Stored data
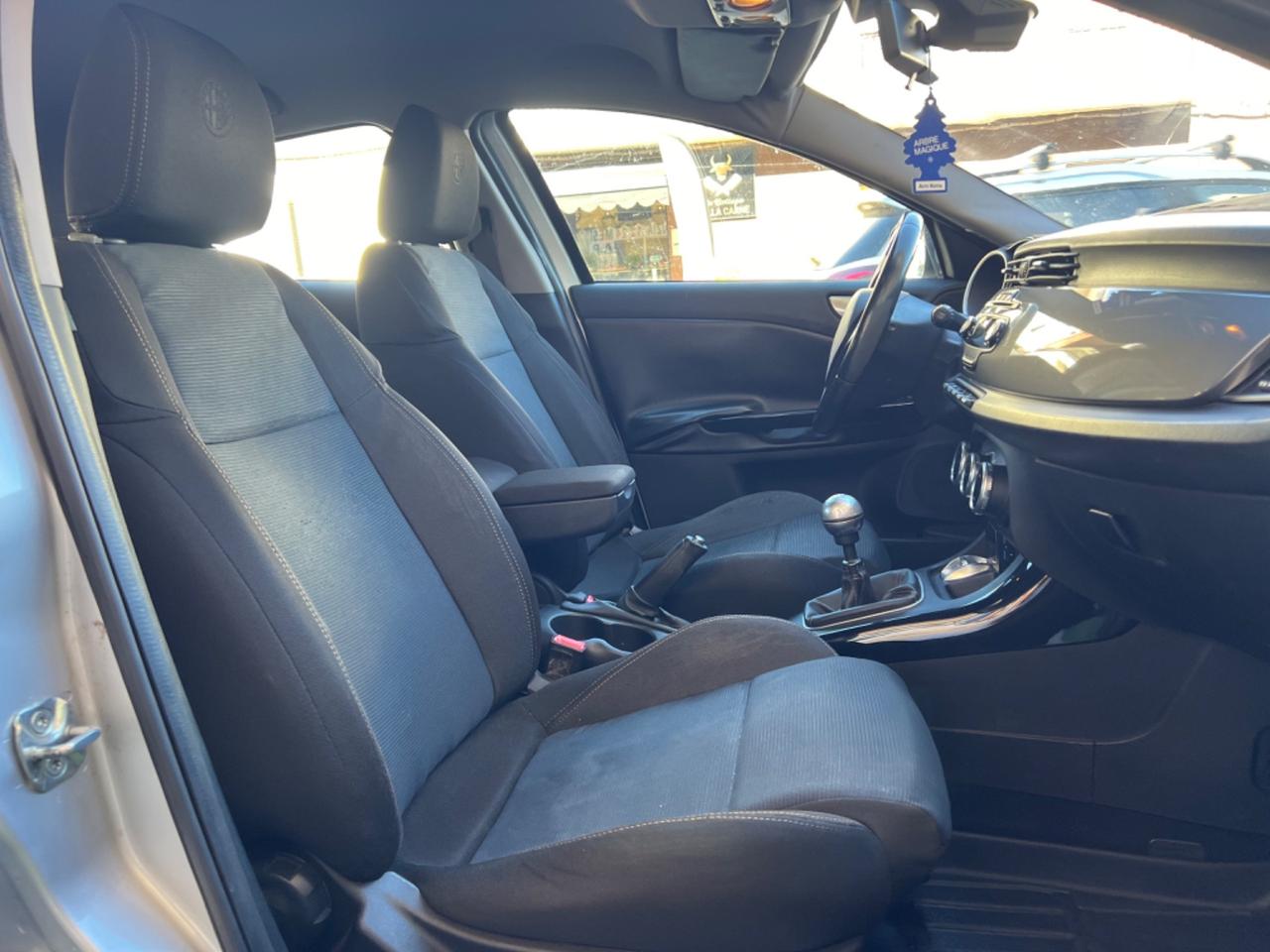 Alfa Romeo Giulietta 2.0 JTDm-2 140 CV Distinctive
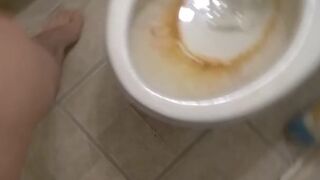 Dirty Talking Camgirl Slut TRIES to Pee into Toliet Standing Up & FAILS! Pissy Mess Bathroom Floor!!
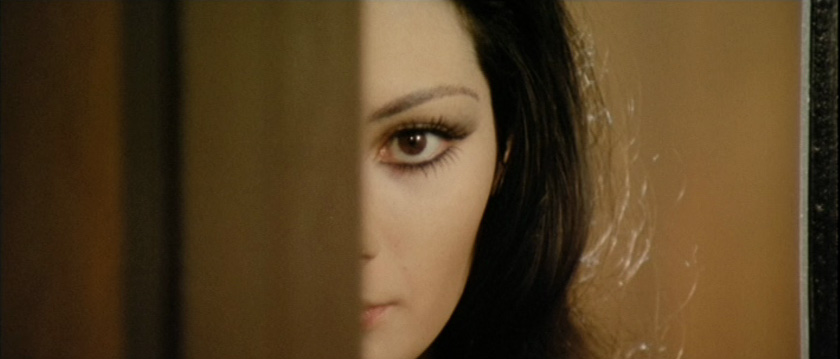 Edwige Fenech در صحنه فیلم سینمایی The Case of the Bloody Iris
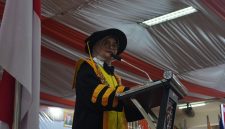 Potret Farida Patittingi Pada Sambutannya Wisuda Periode Juli 2026 (Foto: Dok. profesi)
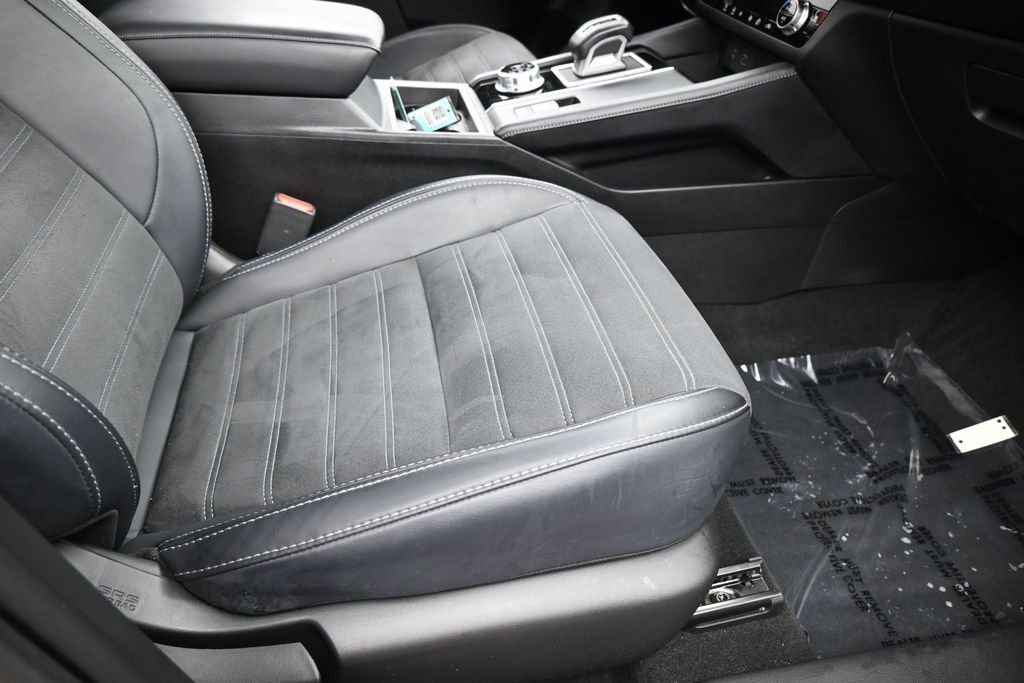 Used 2024 Mitsubishi Outlander SE Black Edition FWD image 39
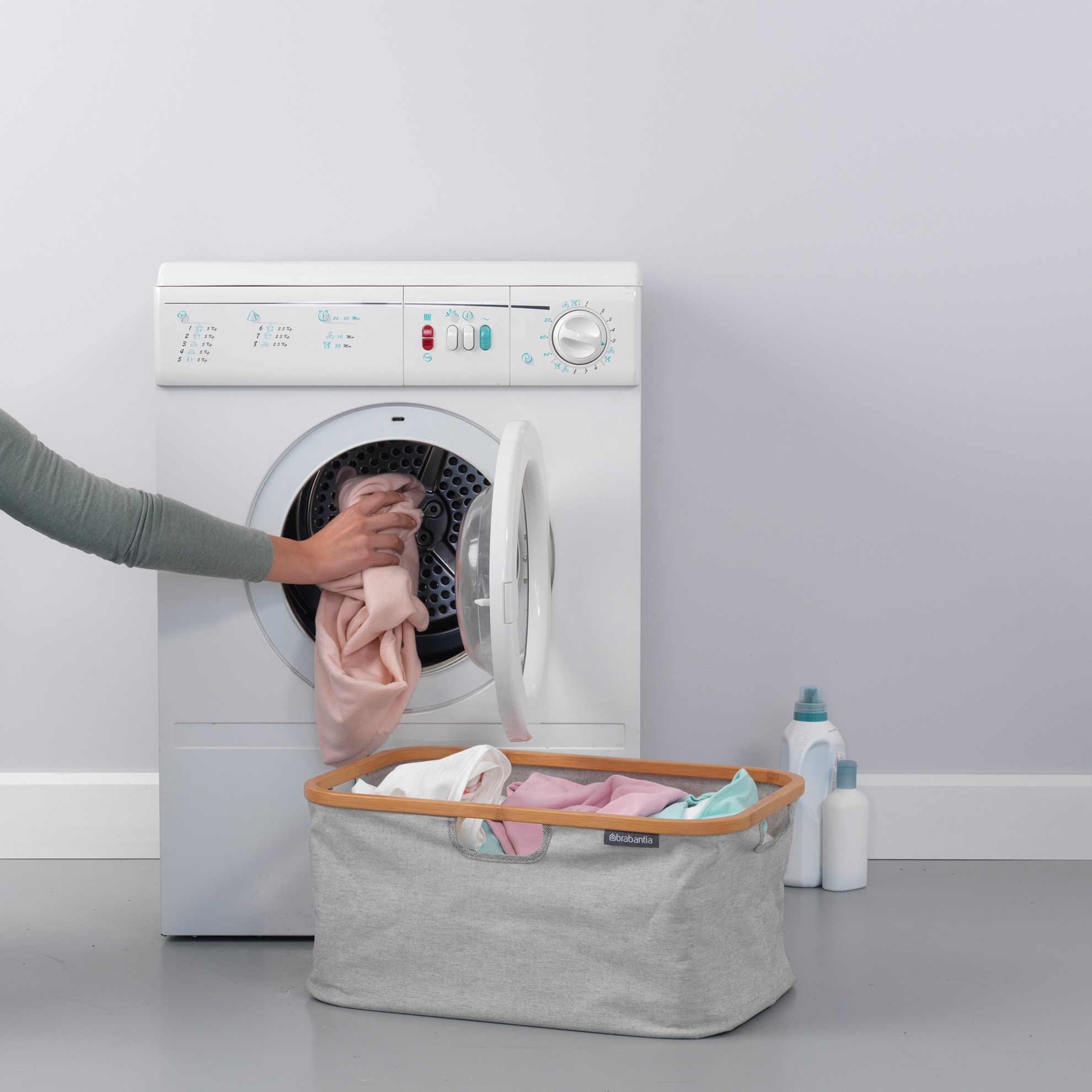 Skládací koš na prádlo/úložný box Brabantia 40l šedý_7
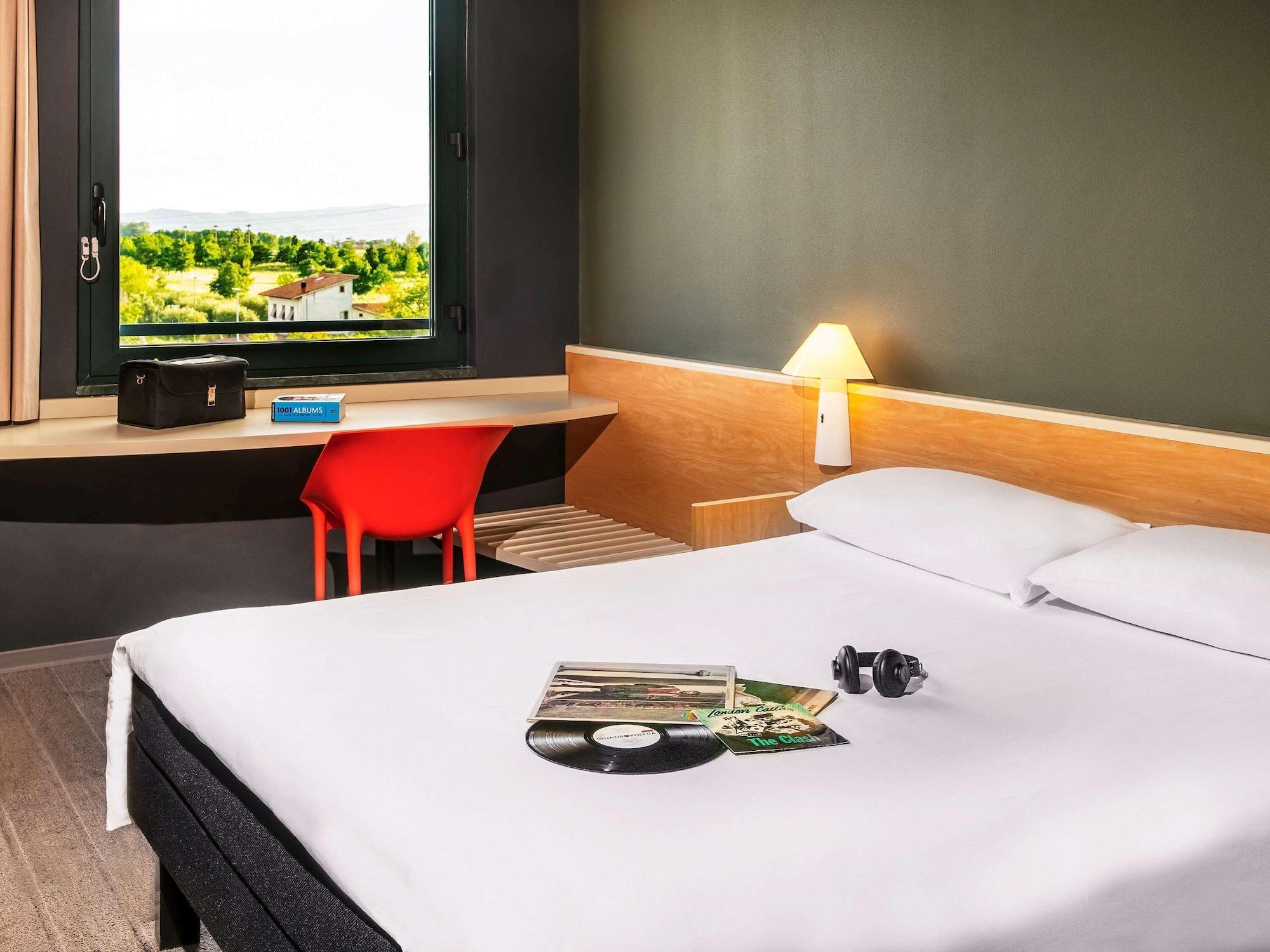 Hotel Ibis Firenze Prato Est Campi Bisenzio Ngoại thất bức ảnh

[What you should do]
All lines from the one with "Potret Farida Patittingi" through the end of the records above must be reproduced exactly, both ends included, and the pictures must be left out.

[Your response]
 Potret Farida Patittingi Pada Sambutannya Wisuda Periode Juli 2026 (Foto: Dok. profesi)
 Used 2024 Mitsubishi Outlander SE Black Edition FWD image 39
 Skládací koš na prádlo/úložný box Brabantia 40l šedý_7
 Hotel Ibis Firenze Prato Est Campi Bisenzio Ngoại thất bức ảnh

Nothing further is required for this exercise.